LNG Beschleunigungsgesetz: Bau von Infrastrukturanlagen zur Sicherung der Energieversorgung forciert

Die Gas-Versorgungssicherheit in Deutschland ist aufgrund des Kriegs in der Ukraine bedroht. Für die nationale Energieversorgung sind die russischen Erdgaslieferungen an Deutschland mit aktuell ca. 40 Prozent der nationalen Gasversorgung, bei einem Gesamtverbrauch von rund 1.000 TWh oder 96 Mrd. m3 pro Jahr von immenser Bedeutung. Das Szenario einer Unterbrechung der Gaslieferungen von Russland nach Deutschland ist denkbar. Jüngst wurden die russischen Gaslieferungen nach Polen und Bulgarien eingestellt. Deutschland muss sich daher von der Abhängigkeit russischer Gaslieferungen schnellstmöglich befreien.
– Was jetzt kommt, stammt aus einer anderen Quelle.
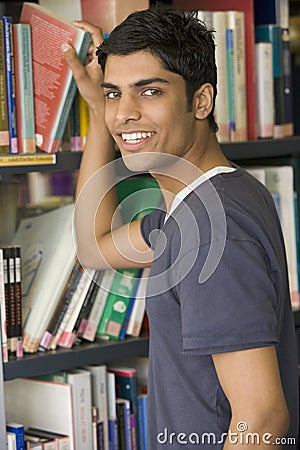 Male college student reaching for a library book Stock Photo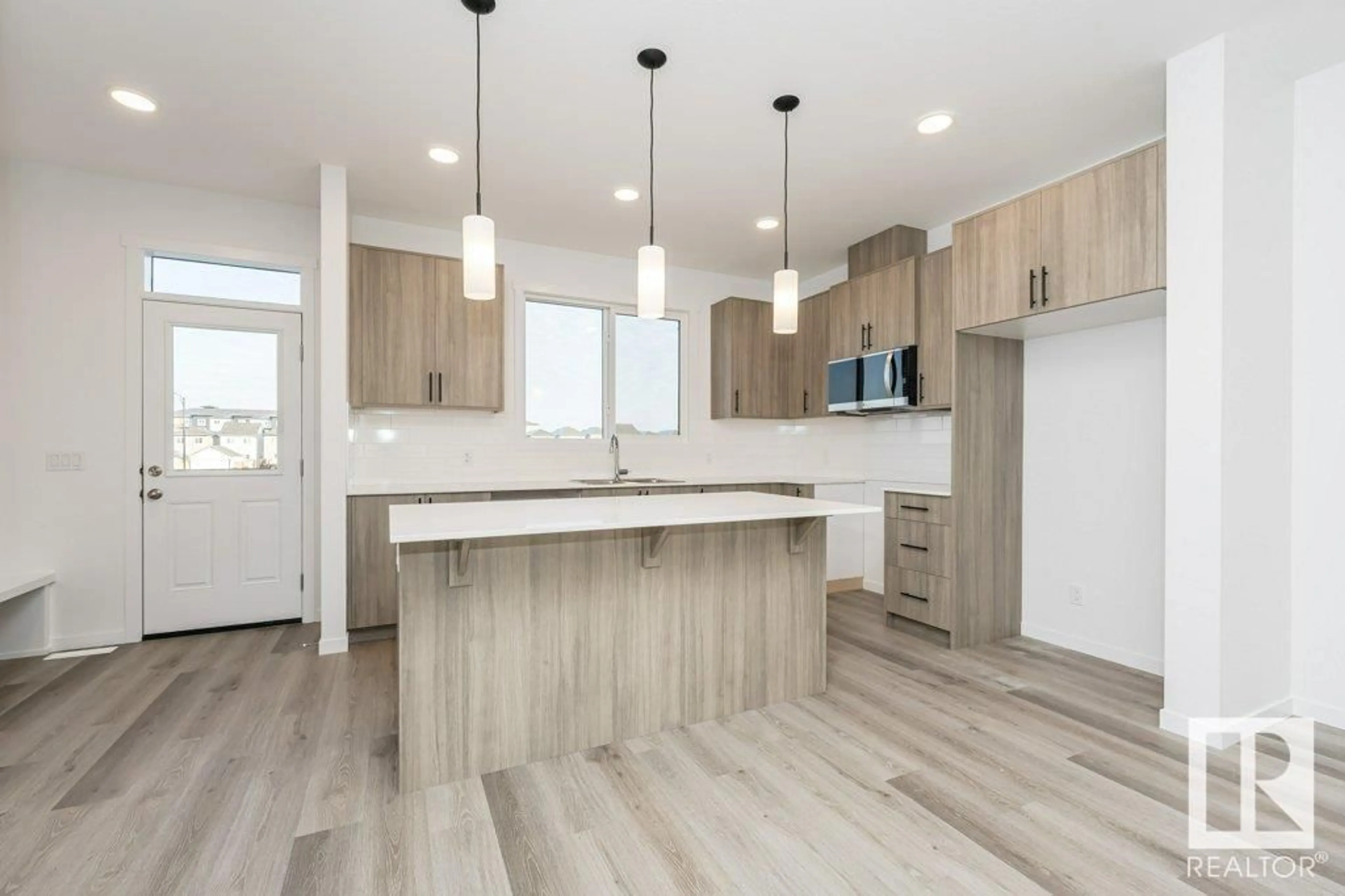 Open concept kitchen, wood/laminate floor for 6244 175 AV NW, Edmonton Alberta T5Y4H3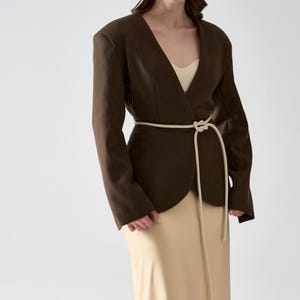 May include: A dark brown blazer with a V-neck design and a cream-colored rope belt. The blazer is paired with a beige dress. The outfit is simple and elegant, suitable for a variety of occasions.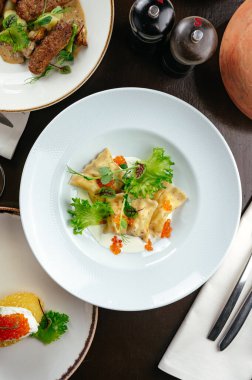 Bir restoranda soslu ravioli, otlar ve havyar.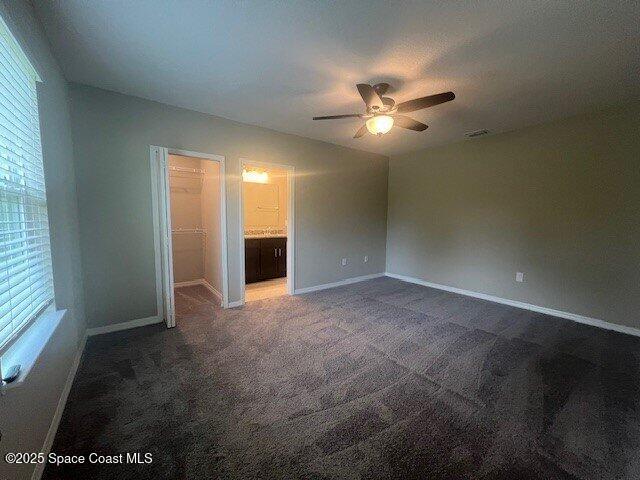 465 Hatcher St SE, Palm Bay, FL 32909 - unfurnished bedroom with baseboards, carpet floors, multiple windows, and ensuite bathroom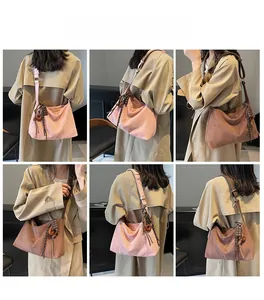 Fashionable large capacity crossbody tote bag styled with casual trench coat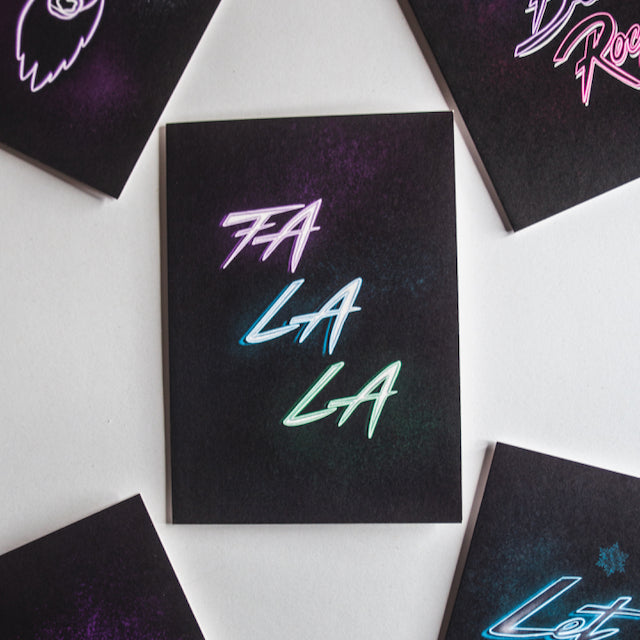 Fa La La neon writing on black background christmas card by wayward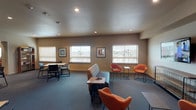 The Family Room is a well-appointed, single-floor community space designed to accommodate a variety of activities and social gatherings. The layout is thoughtfully divided into several functional zones, each contributing to the room's versatile character.

The lounge area serves as the focal point of the space, furnished with bold orange accent chairs, a striped sofa, and low-profile side tables arranged around a wall-mounted flat-screen television. An open wire media console anchors this zone, adding an industrial touch to the otherwise warm, neutral palette. Recessed lighting illuminates the carpeted floor throughout this section.

Adjacent to the lounge, a more intimate seating arrangement features paired orange chairs flanking a small table, positioned near multiple windows fitted with horizontal blinds. These windows allow generous natural light to fill the space and offer views of the surrounding neighborhood. Framed artwork decorates the walls, adding color and visual interest.

A separate dining and meeting area transitions into a checkerboard-tiled floor, furnished with a dark conference-style table and task chairs, suitable for group activities or meetings.

The fully equipped kitchen rounds out the space, featuring dark wood cabinetry, stainless steel appliances including a refrigerator, range, dishwasher, and microwave, along with durable wood-look flooring and ample counter space for food preparation and entertaining.
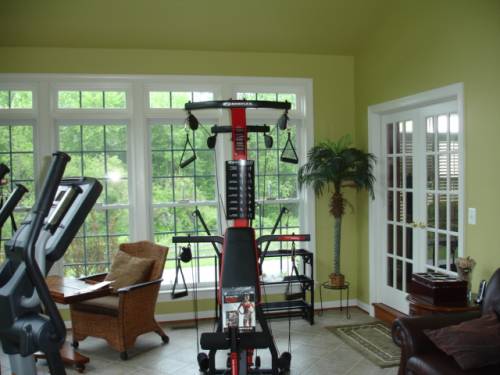A room with a lot of windows and exercise equipment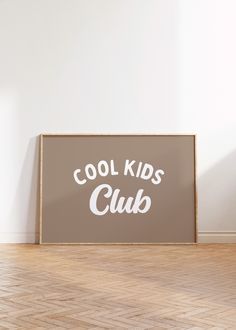 a sign that says cool kids club in white on a wood floor next to a wall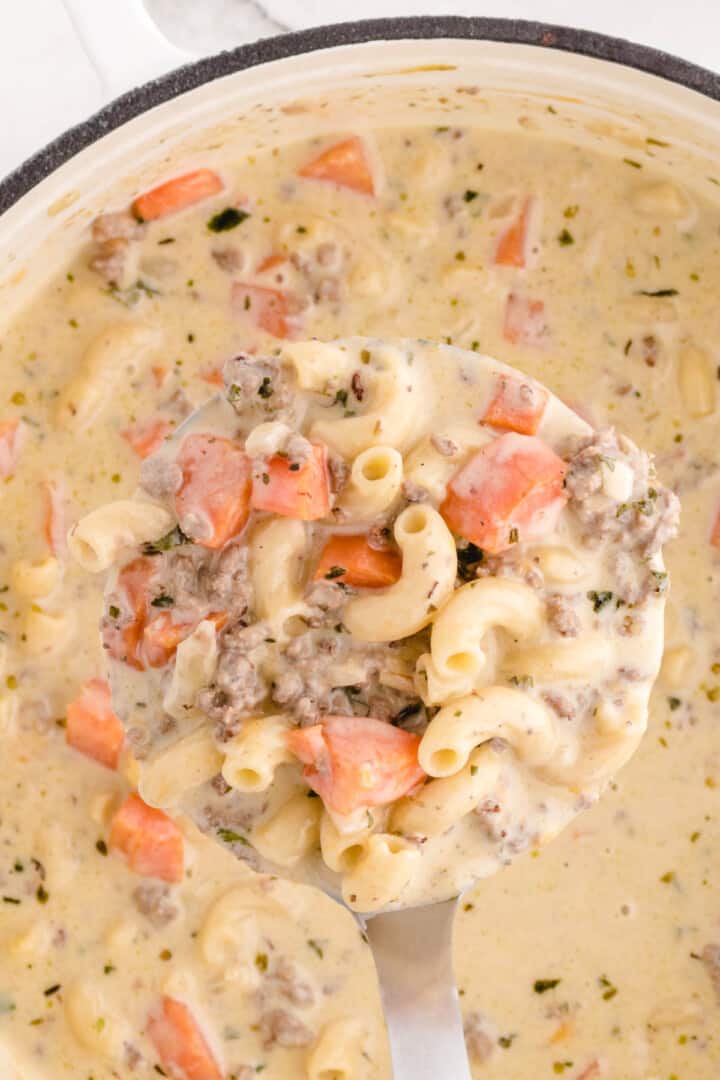 closeup of cheeseburger soup served with ladle.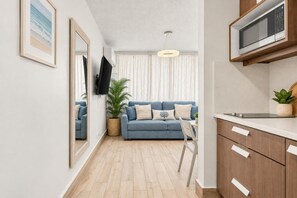 Un salon moderne avec un canapé bleu, un téléviseur à écran plat, une plante en pot et un coin repas avec une chaise blanche.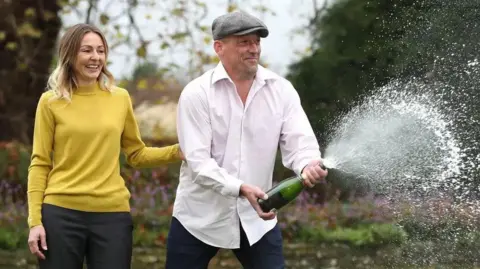 A man in a white shirt and cloth cap opening a bottle of champagne outdoors with spray everywhere next to a woman in a yellow jumper.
Vor diesem Hintergrund hat die Bundesregierung einen Gesetzesentwurf zur Beschleunigung des Einsatzes verflüssigten Erdgases (sog. LNG-Beschleunigungs­gesetz – LNGG) eingebracht. Der Entwurf wurde am 19. bzw. 20.05.2022 im Eiltempo durch Bundestag und Bundesrat beschlossen.

Die wesentlichen Punkte sind:

  • Landgebundene und schwimmende LNG-Terminals sowie die erforderlichen Leitungen sollen schneller errichtet werden;
  • Zulassungs-, Vergabe- und Nachprüfungsverfahren werden beschleunigt;
  • Ausnahmen von der Umweltverträglichkeitsprüfung (UVPG) und Beschränkungen des Bundesnaturschutzgesetzes (BNatSchG) werden ermöglicht;
  • die Öffentlichkeitsbeteiligung wurde stark verkürzt und Rechtsbehelfe beschränkt;
  • die landgebundenen LNG-Terminals und die für die Anbindung erforderlichen Erdgasleitungen müssen bereits für eine spätere Umstellung auf Wasserstoff geeignet sein;
  • Genehmigungen sollen bis zum 31.12.2043 befristet sein; darüber hinaus können die Anlagen nur im Falle einer Nutzung für klimaneutralen Wasserstoff und dessen Derivate betrieben werden.

 

Landgebundene und schwimmende LNG-Terminals

Der Gesetzgeber definiert im LNGG konkret sechs Vorhabenstandorte in Brunsbüttel, Wilhemshaven, Stade / Bützfleth, Hamburg / Moorburg, Rostock / Hafen sowie Lubmin, an denen mehrere FSRU[1] bzw. Füssigerdgas-Terminals und die entsprechenden Leitungen errichtet werden sollen. Für diese Vorhaben gesetzlich festgestellt, dass sie im zentralen Interesse einer sicheren und diversifizierten Gasversorgung in Deutschland liegen und aus Gründen eines überragenden öffentlichen Interesses sowie im Interesse der öffentlichen Sicherheit erforderlich sind.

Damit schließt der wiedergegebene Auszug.